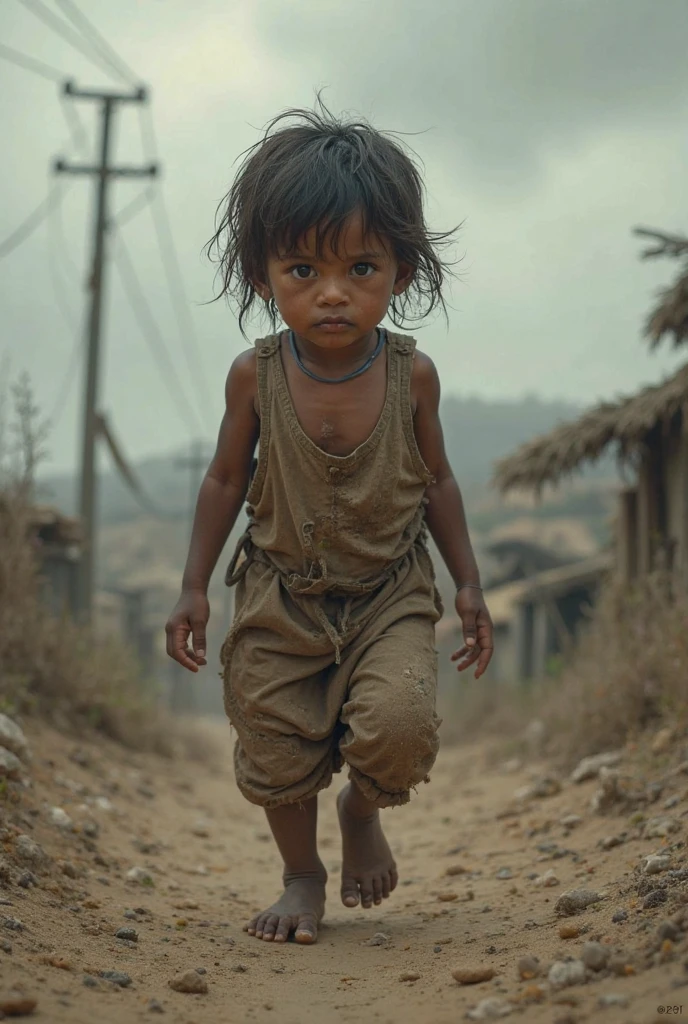 karo,cannon fire,refugee,Poor, hunger,poverty,Tattered clothes, Dirty clothes, Torn clothes, Desperate look,Skinny little girl,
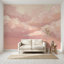 Papier peint rose avec nuages décoratifs pastel Sky Sunset Haze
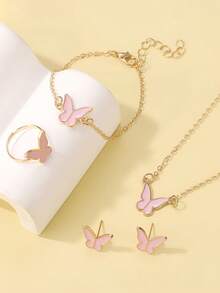 5pcs Elegant Butterfly Pendant Earrings Bracelet Ring And Necklace Set, Best Gift For Girls For Daily Wear, Parties And Events - Pink - View 2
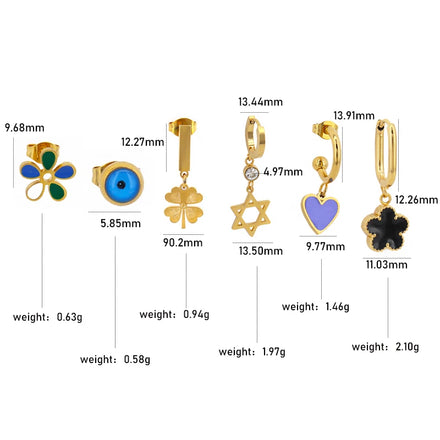 Customized Geometric Jewelry Cute Enamel Cartoon Hoop Earring Crystal Inlay Heart Rust - Free Stainless Steel Drop Earring Set
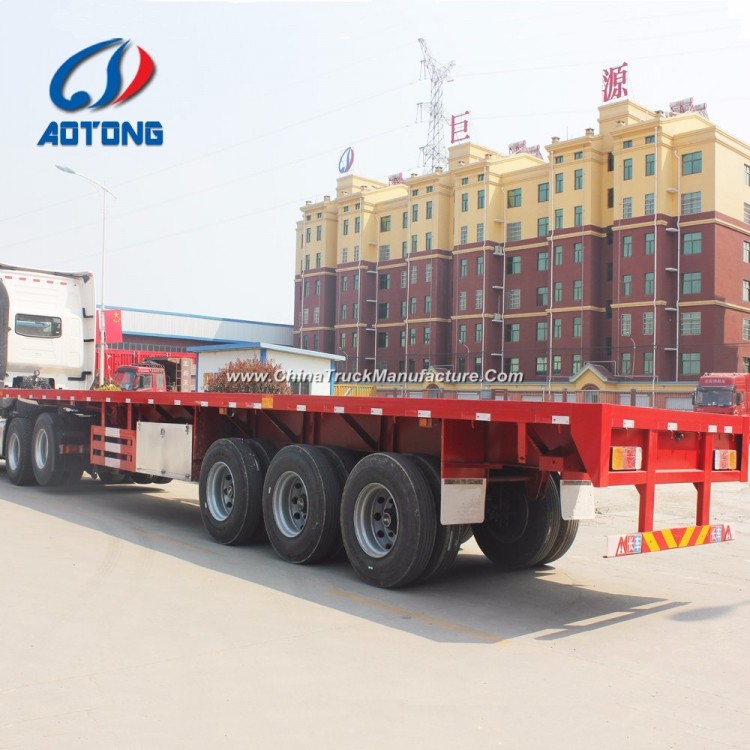 China Manufacture 3 Axle 40FT Flat Bed Container Semi Trailers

* [Work task] With the pictures excluded, transcribe word for word only the lines from the one containing "Papier peint rose" through the last line of the records.

* [Response for this exercise]
 Papier peint rose avec nuages décoratifs pastel Sky Sunset Haze
 5pcs Elegant Butterfly Pendant Earrings Bracelet Ring And Necklace Set, Best Gift For Girls For Daily Wear, Parties And Events - Pink - View 2
 Customized Geometric Jewelry Cute Enamel Cartoon Hoop Earring Crystal Inlay Heart Rust - Free Stainless Steel Drop Earring Set
 China Manufacture 3 Axle 40FT Flat Bed Container Semi Trailers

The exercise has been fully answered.